Here is my use case:
- our infrastructure runs many Jenkins masters (one per project), to eases administration, permissions mgt, customization, provisioning, decommissioning...
- but we cannot afford to provision/reserve one agent per project... typically when a mac-mini runs xcode/appium on macOS - OK virtual machine or docker may be an option (for windows but not really available for macOS) BUT it may lead to resource-conflict usage if many masters trigger jobs at the same time without notice of other concurrent agents running on same system/resources.
Thanks to a "multi-master" - "multi-agent" support over Kafka remoting, we may achieve resource consolidation without troubles thanks to a two-phase reservation protocol.
Here is my proposal:
- one master sends a "availability" request to all agents registered in kafka for capabilities based on "tags" (windows, dotnet47, macos, xcode, appium...)

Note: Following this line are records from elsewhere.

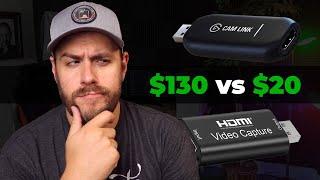 Elgato's Cam Link 4K vs a Cheap Capture Card (Comparison)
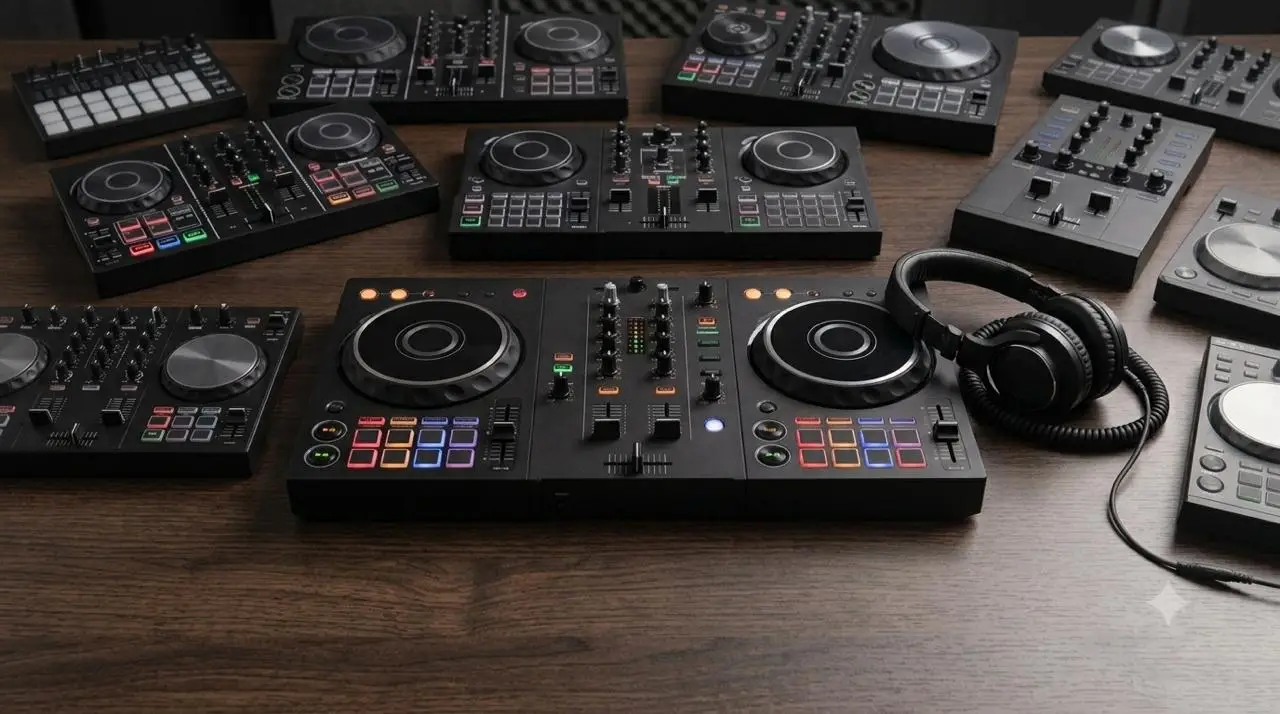 Guia controladores DJ d’iniciació i gamma mitja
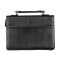 Large All Things Through Christ Scenic Mountainous Valley, Black Faux Leather Bible Cover - Philippians 4:13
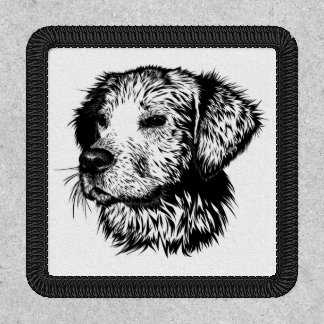 Canine Head Sketch Patch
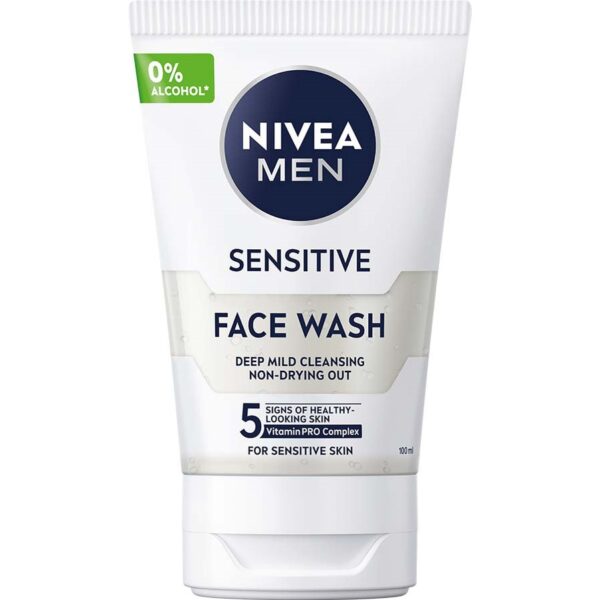 NIVEA NIVEA MEN Ansiktsrengöring Sensitive Face Wash 100 ml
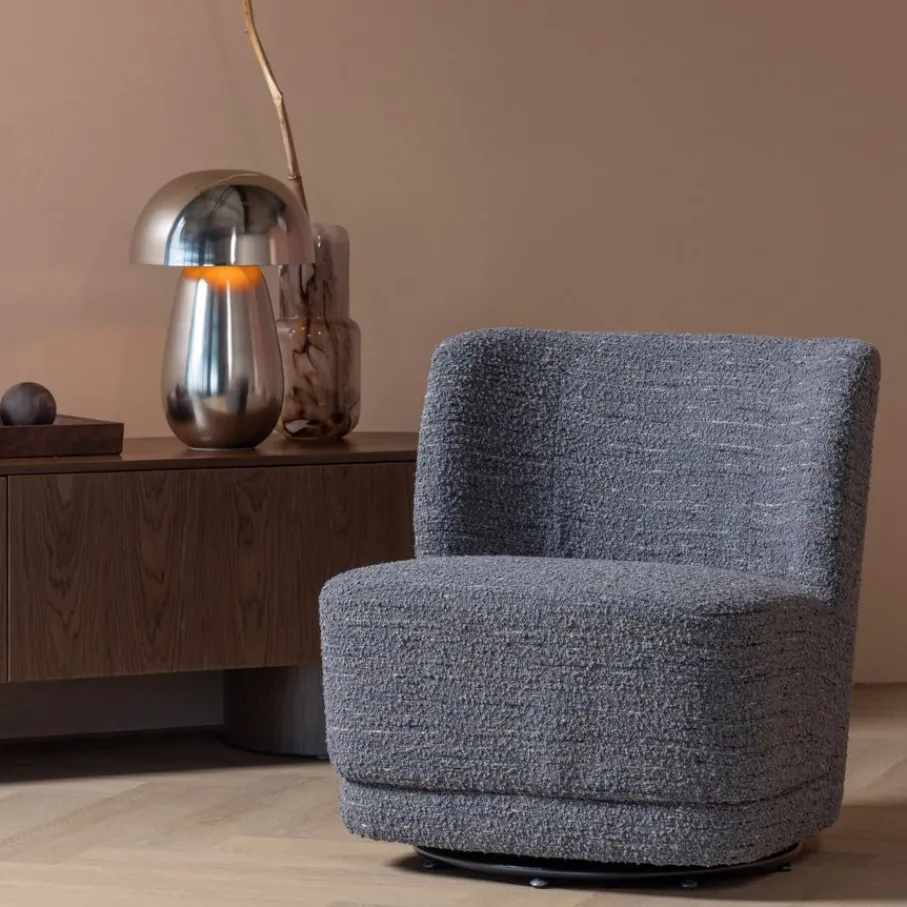 Fauteuils<WOOOD Draaifauteuil Atty Grijs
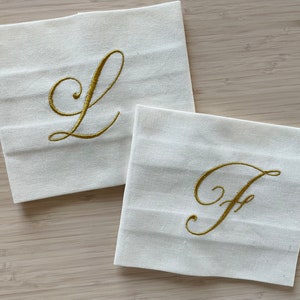 Personalized napkins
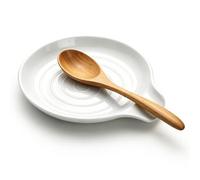 Homquen Spoon Rest, Spoon Holder for Stove Top, Plastic Kitchen Spoon Rest for Kitchen Counter, Spatula Holder, Kitchen Gadget Holder for Ladles, Tongs, Cooking Spatula, 15x13cm (White)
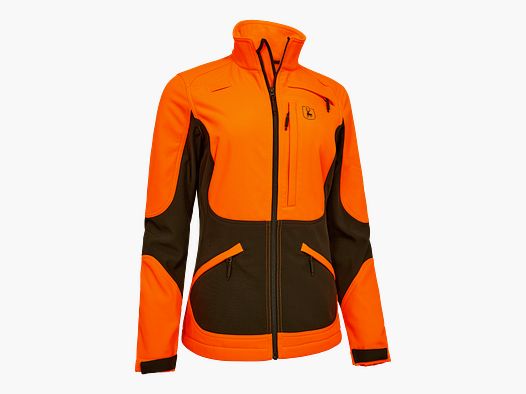 Veste Softshell Deerhunter Lady Rogaland Orange de Sécurité 36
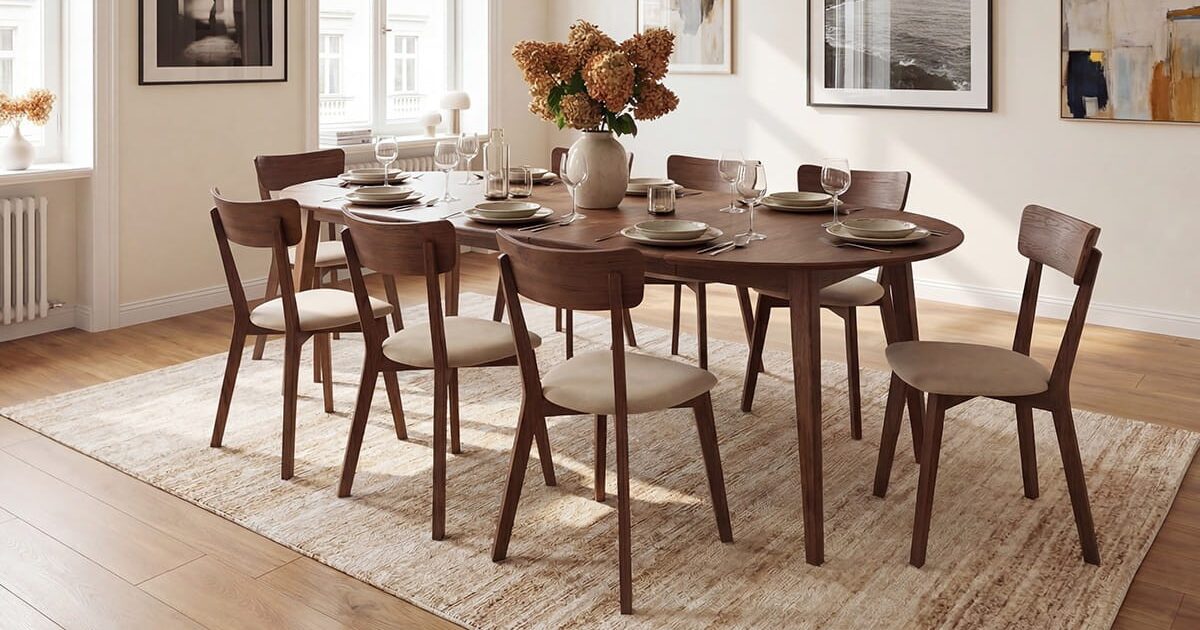 Lunden söögilaud 90cm_190_suitsune tamm1 Ovaalne söögilaud Lunden (pikendatav) 90/190cm, erinevad värvid - Image 5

- concerned agents (available and capable) answer to master and considered themselves as "no longer available" for a short "timeout period"
- master sends a "reservation" request (broadcast) about the select agent to all masters and all "concerned" agents - which changes states to "available" before timeout period
- master can now trigger job to reserved agent
- when over, master sends a "free" request to agent and notify all masters - so that they may trigger again pending request
- if a master receives no answer to its "availability" request, it retries periodically or immediately after being notified of a "free" request
- agent sets itself as free/available after "idle timeout" if requester master no longer submits job without "free" request, of after "timeout period" if an availability request is pending for reservation
Such a design should allow to interconnect masters and agents in a safe way. For security, messages may only contain: agent names and tags/capabilities.
What do you think about this design proposal?